The event was characterised, on all sides, by misinformation, uncorrected myths, unsubstantiated speculation and ultimately shock and disbelief. On top of that there appears to have been an almost complete lack of planning for what comes next, almost certainly based on the belief that a victory for “In” was the presumed outcome.
Whether the result of the vote is ultimately a good or bad thing for the UK is not yet known and likely will depend on decisions and negotiations that have not yet happened. But what we do know, for certain, is that the lack of planning and uncertainty about what comes next will create a period of chronic uncertainty that will last for a minimum of two years and probably for a decade.
The pound has lost 15% of its value. The stock market is fluctuating wildly up and down, and UK property market investment funds have been suspended indefinitely. The leadership of the country and three major political parties is in a state of extreme flux. The PM has resigned, as has the leader of UKIP and the leader of the Opposition is surely on his way out also. The UK could itself break up, with Scotland and Northern Ireland both threatening to leave if Brexit is concluded.
Millions of EU citizens living and working in the UK are uncertain as to whether they will be able to stay here or have to leave.
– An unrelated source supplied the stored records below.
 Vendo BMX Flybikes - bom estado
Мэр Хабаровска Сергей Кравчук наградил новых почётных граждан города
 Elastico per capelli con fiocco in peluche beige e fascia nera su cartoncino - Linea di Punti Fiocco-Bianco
Millions of UK citizens living and working in Europe face exactly the same situation. We could face a mass migration of people in both directions such as we have never seen before in this country.
It is not even clear how the necessary decisions will be made. Will Parliament need to vote? Will there be a General Election? Will there even need to be another referendum.
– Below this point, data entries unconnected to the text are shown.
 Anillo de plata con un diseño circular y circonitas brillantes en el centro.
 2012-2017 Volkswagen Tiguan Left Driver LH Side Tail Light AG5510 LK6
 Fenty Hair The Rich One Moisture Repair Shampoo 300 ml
This chronic uncertainty affects companies as much, and in most cases more than individuals. They need to plan years ahead and there need to know the assumptions on which their planning is based. Or they may decide to relocate to a jurisdiction where there is more certainty.
At such a time, where the business disruption event is like a slow moving train crash, communication is all the more important. Our politicians need to learn from this and communicate more transparently and clearly what they are intending to do.
Commercial enterprises, too, need to communicate, with employees, customers, suppliers and other stakeholders as the situation continues to develop in ways which, if recent experience is anything to go by, cannot be predicted. They need to act now to set up those lines of communication, start scenario planning for what might happen and make their plans to mitigate the risks and even, dare I say it, exploit the opportunities.